**Exercise objective**
Copy the records below verbatim, from the first line through the line containing "Once the memes", inclusive, and output nothing else.
───── Listed records ─────
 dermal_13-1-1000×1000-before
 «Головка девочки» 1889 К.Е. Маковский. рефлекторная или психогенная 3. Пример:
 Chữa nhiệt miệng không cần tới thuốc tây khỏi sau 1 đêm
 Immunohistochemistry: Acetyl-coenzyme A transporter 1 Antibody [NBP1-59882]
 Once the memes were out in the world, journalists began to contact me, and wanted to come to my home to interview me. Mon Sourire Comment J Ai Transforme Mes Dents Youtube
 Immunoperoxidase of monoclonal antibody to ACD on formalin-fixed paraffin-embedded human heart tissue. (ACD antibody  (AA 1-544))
─────
**Completed exercise**
 dermal_13-1-1000×1000-before
 «Головка девочки» 1889 К.Е. Маковский. рефлекторная или психогенная 3. Пример:
 Chữa nhiệt miệng không cần tới thuốc tây khỏi sau 1 đêm
 Immunohistochemistry: Acetyl-coenzyme A transporter 1 Antibody [NBP1-59882]
 Once the memes were out in the world, journalists began to contact me, and wanted to come to my home to interview me. Mon Sourire Comment J Ai Transforme Mes Dents Youtube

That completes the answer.